Data extract —
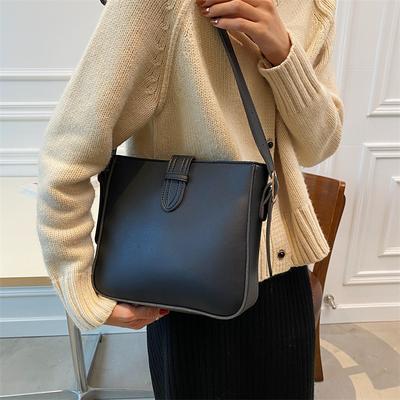 2025 New Retro Simple Texture High Sense Women's Bucket Bag Fashion Versatile Trend Shoulder Messenger Bag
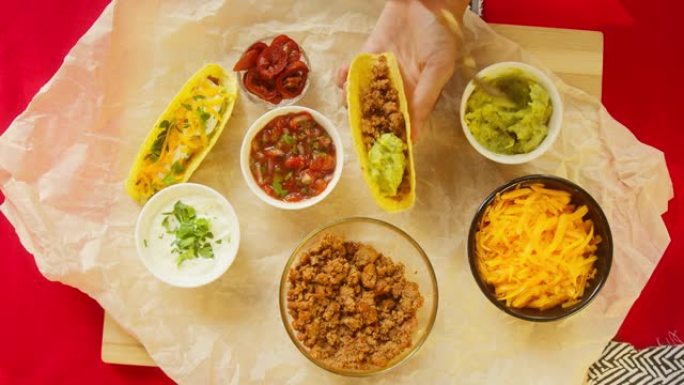 餐桌上的传统墨西哥食物，德克萨斯墨西哥美食。烹饪肉玉米卷或墨西哥卷饼，加入鳄梨色拉酱。番茄汤配玉米和
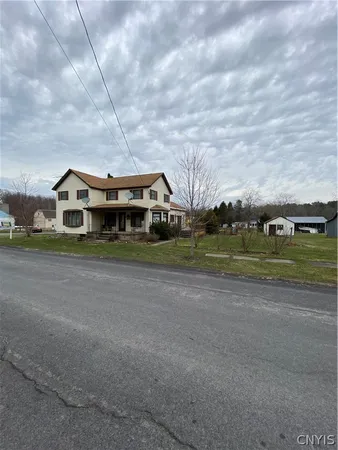 $265,500 | 14582 Lake Street, Sterling, NY 13156
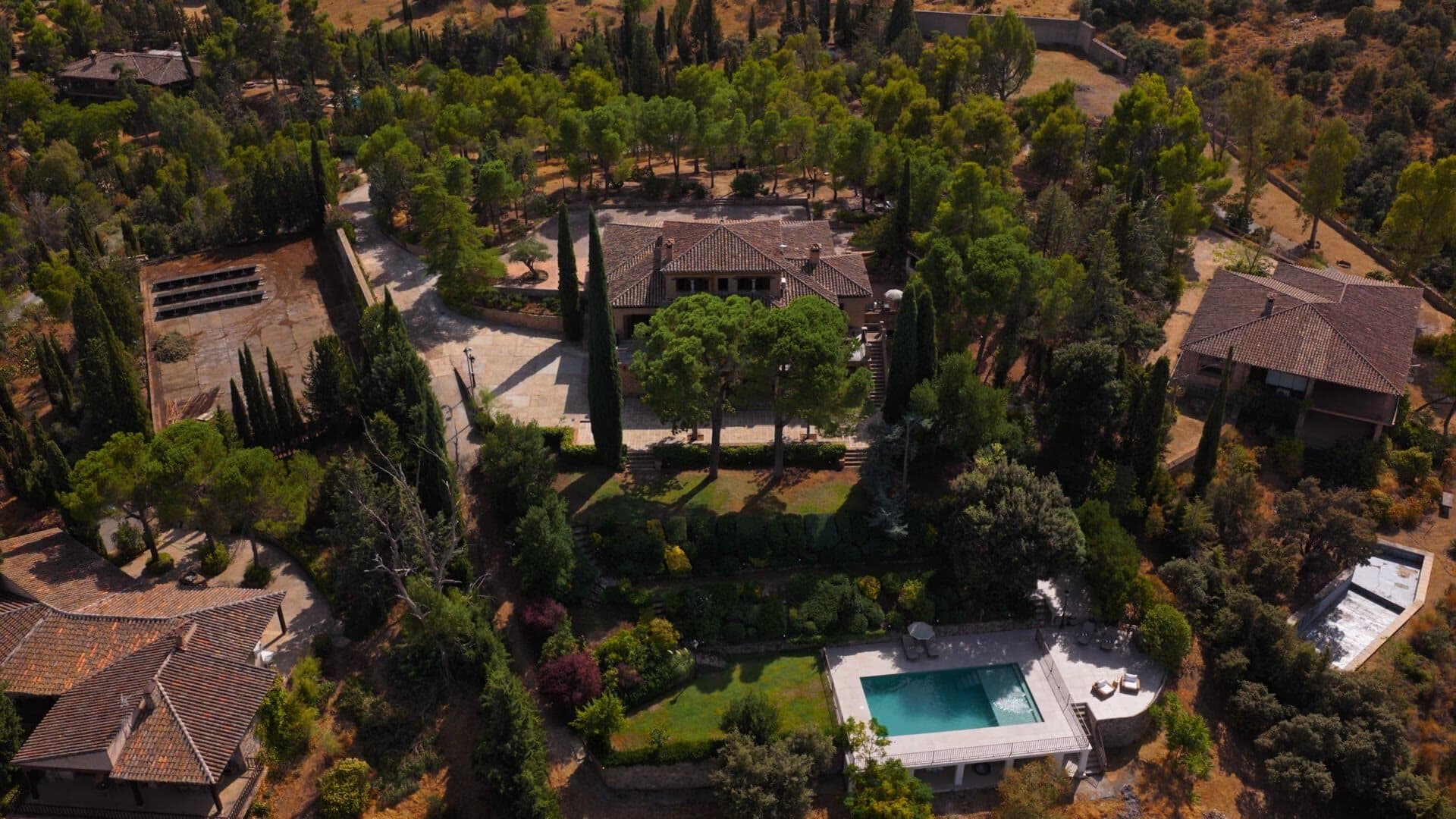 Grabación aérea con dron de un cigarral en Toledo con piscina y jardines — Horizon Sky Drone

Aim of the exercise —
Once the images are dropped, set down the remaining material word for word.

Answer to this problem —
 2025 New Retro Simple Texture High Sense Women's Bucket Bag Fashion Versatile Trend Shoulder Messenger Bag
 餐桌上的传统墨西哥食物，德克萨斯墨西哥美食。烹饪肉玉米卷或墨西哥卷饼，加入鳄梨色拉酱。番茄汤配玉米和
 $265,500 | 14582 Lake Street, Sterling, NY 13156
 Grabación aérea con dron de un cigarral en Toledo con piscina y jardines — Horizon Sky Drone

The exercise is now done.